Instructions for the task -
Only one stretch of the data below should be repeated: the lines from the line containing "Polo Mini Vinyl" through the line containing "4X Head Bolt", inclusive, exactly as they are.
+---+
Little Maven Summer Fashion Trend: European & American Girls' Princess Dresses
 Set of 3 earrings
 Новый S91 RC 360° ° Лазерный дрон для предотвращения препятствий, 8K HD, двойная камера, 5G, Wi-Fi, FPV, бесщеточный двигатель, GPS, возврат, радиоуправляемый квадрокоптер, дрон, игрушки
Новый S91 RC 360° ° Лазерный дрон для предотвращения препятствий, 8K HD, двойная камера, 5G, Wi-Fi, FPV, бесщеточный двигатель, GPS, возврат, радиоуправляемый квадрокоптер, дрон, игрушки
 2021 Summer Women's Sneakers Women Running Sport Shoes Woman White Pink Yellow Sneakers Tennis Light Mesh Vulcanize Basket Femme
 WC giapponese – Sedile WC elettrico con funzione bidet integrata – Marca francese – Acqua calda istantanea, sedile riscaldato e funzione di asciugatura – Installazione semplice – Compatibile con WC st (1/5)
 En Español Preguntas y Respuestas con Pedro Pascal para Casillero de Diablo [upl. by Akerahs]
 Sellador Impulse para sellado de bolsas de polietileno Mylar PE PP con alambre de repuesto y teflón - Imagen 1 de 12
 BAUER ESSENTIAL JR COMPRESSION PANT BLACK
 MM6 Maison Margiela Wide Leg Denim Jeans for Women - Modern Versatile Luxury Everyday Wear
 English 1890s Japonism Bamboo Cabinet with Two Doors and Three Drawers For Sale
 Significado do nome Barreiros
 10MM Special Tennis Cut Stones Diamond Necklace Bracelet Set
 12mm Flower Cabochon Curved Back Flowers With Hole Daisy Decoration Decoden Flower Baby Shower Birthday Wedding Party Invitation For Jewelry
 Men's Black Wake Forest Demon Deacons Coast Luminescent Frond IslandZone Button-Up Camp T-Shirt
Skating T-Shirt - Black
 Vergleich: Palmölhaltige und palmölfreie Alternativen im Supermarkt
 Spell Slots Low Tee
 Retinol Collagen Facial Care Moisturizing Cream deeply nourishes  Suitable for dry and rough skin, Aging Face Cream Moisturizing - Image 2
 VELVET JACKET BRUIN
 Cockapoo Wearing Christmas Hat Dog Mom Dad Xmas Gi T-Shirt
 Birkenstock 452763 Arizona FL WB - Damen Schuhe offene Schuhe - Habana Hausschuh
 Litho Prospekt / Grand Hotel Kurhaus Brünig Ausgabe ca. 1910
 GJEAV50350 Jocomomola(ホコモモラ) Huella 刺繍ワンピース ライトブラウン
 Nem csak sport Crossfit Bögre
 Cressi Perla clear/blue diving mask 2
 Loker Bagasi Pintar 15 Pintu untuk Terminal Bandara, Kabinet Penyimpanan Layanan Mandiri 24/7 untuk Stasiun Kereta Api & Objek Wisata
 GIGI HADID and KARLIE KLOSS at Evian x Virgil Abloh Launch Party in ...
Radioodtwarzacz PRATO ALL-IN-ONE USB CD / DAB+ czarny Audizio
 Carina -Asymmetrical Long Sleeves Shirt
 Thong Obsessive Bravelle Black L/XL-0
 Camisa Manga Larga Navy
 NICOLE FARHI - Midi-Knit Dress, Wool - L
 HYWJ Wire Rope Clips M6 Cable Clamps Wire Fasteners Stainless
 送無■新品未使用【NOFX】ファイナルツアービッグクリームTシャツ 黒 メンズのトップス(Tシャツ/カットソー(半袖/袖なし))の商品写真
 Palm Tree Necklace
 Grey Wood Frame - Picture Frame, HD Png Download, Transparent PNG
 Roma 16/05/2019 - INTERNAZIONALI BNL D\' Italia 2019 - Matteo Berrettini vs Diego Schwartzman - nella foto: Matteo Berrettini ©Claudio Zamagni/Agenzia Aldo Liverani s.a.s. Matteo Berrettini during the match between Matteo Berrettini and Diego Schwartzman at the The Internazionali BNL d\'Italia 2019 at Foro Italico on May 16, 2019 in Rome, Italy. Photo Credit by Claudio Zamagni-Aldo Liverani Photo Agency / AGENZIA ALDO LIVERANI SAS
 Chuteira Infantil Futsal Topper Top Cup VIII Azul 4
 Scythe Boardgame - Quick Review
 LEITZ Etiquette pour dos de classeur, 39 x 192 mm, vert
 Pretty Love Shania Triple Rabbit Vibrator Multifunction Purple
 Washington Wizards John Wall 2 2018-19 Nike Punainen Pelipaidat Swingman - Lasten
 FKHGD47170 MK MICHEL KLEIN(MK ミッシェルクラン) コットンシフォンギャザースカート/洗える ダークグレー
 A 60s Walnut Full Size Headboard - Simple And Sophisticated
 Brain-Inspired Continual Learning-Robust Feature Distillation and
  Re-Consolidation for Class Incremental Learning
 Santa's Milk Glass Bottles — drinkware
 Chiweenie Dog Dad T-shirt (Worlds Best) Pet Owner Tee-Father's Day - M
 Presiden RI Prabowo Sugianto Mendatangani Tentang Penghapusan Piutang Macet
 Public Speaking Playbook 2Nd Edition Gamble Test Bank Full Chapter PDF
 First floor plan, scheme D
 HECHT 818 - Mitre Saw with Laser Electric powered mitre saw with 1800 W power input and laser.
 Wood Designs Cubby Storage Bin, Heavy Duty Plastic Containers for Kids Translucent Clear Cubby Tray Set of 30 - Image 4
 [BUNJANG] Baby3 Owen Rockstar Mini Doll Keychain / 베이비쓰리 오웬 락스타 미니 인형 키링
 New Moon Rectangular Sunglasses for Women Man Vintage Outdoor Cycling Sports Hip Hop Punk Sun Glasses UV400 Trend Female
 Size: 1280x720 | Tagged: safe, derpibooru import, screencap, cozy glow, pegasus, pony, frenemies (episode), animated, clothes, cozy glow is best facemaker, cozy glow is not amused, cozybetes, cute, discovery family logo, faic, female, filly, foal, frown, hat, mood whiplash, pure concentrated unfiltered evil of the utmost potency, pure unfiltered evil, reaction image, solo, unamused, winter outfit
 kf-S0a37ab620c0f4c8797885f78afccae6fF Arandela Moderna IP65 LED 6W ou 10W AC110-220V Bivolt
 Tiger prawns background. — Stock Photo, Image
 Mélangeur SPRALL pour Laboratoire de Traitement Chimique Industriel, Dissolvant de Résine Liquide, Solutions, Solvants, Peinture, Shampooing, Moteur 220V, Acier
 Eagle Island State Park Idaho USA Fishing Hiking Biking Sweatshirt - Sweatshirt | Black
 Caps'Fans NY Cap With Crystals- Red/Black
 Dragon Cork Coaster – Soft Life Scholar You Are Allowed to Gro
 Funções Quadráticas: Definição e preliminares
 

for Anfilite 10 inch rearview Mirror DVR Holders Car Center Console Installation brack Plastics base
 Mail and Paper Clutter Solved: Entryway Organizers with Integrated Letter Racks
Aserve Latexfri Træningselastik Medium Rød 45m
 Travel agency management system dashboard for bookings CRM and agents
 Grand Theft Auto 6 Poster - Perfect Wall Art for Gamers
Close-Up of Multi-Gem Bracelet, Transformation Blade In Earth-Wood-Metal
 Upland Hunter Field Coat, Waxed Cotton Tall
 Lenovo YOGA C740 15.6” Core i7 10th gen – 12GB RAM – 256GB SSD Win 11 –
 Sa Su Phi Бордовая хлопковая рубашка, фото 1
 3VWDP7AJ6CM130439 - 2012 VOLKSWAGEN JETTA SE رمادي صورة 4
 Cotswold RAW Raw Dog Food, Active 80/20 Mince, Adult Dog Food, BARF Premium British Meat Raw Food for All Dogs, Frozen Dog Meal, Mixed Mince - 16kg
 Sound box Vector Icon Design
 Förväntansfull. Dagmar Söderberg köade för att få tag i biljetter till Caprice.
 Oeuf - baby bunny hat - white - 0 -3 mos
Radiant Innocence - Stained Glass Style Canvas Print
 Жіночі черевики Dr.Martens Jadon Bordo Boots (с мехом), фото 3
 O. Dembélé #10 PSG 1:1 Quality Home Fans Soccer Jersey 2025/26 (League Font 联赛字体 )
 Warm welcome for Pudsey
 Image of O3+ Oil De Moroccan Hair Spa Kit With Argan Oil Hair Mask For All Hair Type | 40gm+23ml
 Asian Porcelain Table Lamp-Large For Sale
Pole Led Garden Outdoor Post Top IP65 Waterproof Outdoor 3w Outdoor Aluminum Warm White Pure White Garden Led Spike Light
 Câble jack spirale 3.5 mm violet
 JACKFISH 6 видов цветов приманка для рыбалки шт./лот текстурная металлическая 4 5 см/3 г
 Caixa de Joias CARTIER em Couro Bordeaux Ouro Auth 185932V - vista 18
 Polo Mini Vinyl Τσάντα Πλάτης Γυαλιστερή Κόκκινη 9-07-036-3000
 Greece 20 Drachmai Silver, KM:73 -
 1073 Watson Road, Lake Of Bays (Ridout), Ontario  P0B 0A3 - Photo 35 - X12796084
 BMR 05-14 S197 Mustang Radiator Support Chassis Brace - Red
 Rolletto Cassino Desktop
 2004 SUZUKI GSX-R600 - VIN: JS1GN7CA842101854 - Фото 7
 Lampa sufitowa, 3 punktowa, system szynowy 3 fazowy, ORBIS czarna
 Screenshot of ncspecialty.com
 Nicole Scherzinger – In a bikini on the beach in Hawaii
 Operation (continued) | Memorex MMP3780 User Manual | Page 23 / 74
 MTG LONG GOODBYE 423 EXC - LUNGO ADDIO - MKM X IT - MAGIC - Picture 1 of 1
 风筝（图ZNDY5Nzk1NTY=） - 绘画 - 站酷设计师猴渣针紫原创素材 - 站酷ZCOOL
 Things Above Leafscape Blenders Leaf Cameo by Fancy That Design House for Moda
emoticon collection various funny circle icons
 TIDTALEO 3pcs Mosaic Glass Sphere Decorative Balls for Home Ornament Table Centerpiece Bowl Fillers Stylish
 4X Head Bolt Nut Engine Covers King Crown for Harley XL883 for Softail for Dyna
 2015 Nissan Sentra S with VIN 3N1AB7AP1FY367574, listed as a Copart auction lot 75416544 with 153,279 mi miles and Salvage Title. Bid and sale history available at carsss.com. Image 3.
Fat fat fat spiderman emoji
+---+
Finished task -
 Polo Mini Vinyl Τσάντα Πλάτης Γυαλιστερή Κόκκινη 9-07-036-3000
 Greece 20 Drachmai Silver, KM:73 -
 1073 Watson Road, Lake Of Bays (Ridout), Ontario  P0B 0A3 - Photo 35 - X12796084
 BMR 05-14 S197 Mustang Radiator Support Chassis Brace - Red
 Rolletto Cassino Desktop
 2004 SUZUKI GSX-R600 - VIN: JS1GN7CA842101854 - Фото 7
 Lampa sufitowa, 3 punktowa, system szynowy 3 fazowy, ORBIS czarna
 Screenshot of ncspecialty.com
 Nicole Scherzinger – In a bikini on the beach in Hawaii
 Operation (continued) | Memorex MMP3780 User Manual | Page 23 / 74
 MTG LONG GOODBYE 423 EXC - LUNGO ADDIO - MKM X IT - MAGIC - Picture 1 of 1
 风筝（图ZNDY5Nzk1NTY=） - 绘画 - 站酷设计师猴渣针紫原创素材 - 站酷ZCOOL
 Things Above Leafscape Blenders Leaf Cameo by Fancy That Design House for Moda
emoticon collection various funny circle icons
 TIDTALEO 3pcs Mosaic Glass Sphere Decorative Balls for Home Ornament Table Centerpiece Bowl Fillers Stylish
 4X Head Bolt Nut Engine Covers King Crown for Harley XL883 for Softail for Dyna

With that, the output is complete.